Your objective:
Return verbatim every line from the first line of the data below to the line that contains "Seferihisar Doğanbey Cumhuriyette", inclusive, and no further.

(Stored data)

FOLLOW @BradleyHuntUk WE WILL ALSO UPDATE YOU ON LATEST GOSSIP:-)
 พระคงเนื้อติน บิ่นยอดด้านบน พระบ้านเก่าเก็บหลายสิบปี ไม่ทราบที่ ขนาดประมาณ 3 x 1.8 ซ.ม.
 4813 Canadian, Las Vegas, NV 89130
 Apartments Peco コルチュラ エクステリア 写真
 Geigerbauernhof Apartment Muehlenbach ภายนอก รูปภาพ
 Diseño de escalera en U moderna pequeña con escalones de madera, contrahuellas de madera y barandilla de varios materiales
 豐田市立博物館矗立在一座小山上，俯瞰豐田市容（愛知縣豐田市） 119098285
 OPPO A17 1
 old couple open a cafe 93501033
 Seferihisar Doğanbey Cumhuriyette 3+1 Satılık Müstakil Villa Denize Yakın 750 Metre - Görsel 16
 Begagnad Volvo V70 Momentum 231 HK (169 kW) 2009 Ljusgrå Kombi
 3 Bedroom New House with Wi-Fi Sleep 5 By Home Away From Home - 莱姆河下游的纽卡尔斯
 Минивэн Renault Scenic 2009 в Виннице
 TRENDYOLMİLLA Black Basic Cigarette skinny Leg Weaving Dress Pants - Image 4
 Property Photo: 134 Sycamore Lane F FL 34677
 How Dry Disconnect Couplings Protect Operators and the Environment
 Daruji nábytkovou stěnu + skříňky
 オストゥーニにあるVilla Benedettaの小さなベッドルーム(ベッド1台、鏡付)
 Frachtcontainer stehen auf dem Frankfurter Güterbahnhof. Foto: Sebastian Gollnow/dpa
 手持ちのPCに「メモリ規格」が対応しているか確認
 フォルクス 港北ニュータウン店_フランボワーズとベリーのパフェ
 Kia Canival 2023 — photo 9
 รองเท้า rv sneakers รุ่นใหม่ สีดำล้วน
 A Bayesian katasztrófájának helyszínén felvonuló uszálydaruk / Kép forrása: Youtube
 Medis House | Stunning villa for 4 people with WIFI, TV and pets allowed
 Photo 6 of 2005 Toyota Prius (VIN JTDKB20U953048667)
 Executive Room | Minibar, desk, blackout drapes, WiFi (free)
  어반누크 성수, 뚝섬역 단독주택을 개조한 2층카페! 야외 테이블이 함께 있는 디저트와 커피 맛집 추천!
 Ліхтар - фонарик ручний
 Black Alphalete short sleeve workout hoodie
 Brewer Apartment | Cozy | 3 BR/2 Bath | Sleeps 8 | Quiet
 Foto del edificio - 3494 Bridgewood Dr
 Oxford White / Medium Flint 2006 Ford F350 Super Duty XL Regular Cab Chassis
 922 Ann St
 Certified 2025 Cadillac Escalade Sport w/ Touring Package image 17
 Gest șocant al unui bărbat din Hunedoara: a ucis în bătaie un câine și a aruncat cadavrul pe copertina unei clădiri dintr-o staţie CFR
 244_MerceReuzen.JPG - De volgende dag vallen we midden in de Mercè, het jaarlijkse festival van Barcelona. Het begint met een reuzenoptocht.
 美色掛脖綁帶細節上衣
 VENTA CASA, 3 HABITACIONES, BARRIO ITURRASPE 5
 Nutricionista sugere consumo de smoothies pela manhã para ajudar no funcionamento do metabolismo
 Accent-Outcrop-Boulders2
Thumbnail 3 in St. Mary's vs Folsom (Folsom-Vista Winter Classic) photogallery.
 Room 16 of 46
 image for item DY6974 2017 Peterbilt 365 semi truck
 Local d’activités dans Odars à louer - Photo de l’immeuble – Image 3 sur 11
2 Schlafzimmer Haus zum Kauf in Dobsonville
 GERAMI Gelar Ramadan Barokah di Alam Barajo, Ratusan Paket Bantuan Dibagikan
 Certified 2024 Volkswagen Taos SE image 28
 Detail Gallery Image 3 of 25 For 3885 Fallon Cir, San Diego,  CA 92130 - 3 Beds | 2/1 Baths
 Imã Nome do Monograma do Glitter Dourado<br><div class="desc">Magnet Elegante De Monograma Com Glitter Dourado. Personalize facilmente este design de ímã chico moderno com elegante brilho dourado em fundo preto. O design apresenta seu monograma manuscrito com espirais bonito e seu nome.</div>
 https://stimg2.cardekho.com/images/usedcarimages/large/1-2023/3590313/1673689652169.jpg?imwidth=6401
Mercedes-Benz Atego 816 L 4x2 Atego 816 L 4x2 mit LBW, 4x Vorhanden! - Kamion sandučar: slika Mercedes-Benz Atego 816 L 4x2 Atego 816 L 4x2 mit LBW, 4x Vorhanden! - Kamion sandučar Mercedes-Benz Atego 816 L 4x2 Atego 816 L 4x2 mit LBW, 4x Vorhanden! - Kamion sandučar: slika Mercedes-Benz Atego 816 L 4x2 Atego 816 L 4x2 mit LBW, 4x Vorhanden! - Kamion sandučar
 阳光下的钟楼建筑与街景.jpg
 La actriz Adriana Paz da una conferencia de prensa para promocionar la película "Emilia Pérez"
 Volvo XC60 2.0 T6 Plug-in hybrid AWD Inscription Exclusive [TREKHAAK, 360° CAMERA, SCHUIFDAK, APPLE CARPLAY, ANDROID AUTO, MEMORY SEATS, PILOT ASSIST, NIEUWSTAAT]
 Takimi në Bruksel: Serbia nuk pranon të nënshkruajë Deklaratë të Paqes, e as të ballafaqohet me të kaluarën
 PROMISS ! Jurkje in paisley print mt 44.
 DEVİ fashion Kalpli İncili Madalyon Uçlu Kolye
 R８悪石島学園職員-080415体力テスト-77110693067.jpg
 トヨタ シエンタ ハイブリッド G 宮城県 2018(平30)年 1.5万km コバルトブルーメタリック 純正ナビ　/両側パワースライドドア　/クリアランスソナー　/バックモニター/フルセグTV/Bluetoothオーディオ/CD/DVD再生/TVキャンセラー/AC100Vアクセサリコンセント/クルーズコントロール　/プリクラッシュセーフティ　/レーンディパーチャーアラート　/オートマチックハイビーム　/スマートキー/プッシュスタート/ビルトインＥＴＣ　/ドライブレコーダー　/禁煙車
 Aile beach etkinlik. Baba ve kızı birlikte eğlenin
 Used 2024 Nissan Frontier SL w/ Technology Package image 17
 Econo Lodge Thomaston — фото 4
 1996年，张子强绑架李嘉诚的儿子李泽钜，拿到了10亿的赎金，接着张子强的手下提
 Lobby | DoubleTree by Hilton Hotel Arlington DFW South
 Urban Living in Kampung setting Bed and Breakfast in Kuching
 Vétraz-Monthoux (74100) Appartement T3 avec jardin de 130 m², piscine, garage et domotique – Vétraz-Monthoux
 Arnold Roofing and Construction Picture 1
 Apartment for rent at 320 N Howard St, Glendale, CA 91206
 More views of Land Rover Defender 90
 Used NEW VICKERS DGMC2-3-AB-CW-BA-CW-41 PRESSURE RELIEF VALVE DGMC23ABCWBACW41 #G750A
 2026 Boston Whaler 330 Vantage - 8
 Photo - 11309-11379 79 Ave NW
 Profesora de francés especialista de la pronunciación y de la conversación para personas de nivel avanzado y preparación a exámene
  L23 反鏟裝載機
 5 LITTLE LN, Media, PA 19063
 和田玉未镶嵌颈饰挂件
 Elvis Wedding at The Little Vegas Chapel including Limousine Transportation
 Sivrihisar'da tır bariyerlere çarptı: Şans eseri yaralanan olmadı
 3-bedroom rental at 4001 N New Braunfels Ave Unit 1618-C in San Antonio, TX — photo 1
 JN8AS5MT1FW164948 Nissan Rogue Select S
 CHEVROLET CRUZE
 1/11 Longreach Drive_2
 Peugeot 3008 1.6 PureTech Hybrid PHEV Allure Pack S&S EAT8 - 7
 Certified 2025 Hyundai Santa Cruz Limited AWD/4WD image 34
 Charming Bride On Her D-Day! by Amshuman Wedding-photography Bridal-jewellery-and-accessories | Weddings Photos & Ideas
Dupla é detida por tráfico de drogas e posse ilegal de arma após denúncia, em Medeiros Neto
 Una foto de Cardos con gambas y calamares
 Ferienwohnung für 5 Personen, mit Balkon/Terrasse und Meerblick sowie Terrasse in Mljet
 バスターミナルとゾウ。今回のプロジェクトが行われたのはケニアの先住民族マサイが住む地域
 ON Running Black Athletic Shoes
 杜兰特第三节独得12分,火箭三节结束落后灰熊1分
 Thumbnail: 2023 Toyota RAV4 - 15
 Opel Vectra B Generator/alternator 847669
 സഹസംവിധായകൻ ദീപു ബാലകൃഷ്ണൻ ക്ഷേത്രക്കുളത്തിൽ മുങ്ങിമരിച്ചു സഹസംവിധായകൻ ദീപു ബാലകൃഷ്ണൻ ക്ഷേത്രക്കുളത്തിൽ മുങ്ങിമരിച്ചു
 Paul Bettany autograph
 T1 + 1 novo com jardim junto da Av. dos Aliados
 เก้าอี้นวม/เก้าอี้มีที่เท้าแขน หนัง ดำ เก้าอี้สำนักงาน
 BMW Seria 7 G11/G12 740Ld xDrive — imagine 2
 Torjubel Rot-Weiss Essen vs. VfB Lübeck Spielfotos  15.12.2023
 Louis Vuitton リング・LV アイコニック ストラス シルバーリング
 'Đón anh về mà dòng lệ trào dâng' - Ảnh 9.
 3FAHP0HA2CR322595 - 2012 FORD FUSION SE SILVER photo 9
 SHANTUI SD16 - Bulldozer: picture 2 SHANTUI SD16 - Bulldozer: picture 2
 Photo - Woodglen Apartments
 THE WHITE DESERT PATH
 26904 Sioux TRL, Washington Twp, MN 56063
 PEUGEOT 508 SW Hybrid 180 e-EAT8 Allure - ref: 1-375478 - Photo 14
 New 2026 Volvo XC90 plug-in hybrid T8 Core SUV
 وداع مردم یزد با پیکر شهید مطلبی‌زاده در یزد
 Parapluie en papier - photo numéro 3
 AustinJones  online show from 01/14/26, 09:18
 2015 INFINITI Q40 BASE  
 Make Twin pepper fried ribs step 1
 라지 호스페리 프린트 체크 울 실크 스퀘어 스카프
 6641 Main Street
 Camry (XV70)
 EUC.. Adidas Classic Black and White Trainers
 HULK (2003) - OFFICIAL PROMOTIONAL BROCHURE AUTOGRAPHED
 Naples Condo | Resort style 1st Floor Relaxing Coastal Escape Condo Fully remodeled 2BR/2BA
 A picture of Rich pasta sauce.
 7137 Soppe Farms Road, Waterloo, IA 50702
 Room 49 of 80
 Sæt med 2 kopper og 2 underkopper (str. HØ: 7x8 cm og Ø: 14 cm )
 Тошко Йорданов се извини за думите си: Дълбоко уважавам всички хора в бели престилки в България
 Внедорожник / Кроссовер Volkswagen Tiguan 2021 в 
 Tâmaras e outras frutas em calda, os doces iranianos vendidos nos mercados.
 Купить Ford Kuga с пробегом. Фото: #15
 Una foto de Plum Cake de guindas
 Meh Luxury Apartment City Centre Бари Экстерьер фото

Task response:
FOLLOW @BradleyHuntUk WE WILL ALSO UPDATE YOU ON LATEST GOSSIP:-)
 พระคงเนื้อติน บิ่นยอดด้านบน พระบ้านเก่าเก็บหลายสิบปี ไม่ทราบที่ ขนาดประมาณ 3 x 1.8 ซ.ม.
 4813 Canadian, Las Vegas, NV 89130
 Apartments Peco コルチュラ エクステリア 写真
 Geigerbauernhof Apartment Muehlenbach ภายนอก รูปภาพ
 Diseño de escalera en U moderna pequeña con escalones de madera, contrahuellas de madera y barandilla de varios materiales
 豐田市立博物館矗立在一座小山上，俯瞰豐田市容（愛知縣豐田市） 119098285
 OPPO A17 1
 old couple open a cafe 93501033
 Seferihisar Doğanbey Cumhuriyette 3+1 Satılık Müstakil Villa Denize Yakın 750 Metre - Görsel 16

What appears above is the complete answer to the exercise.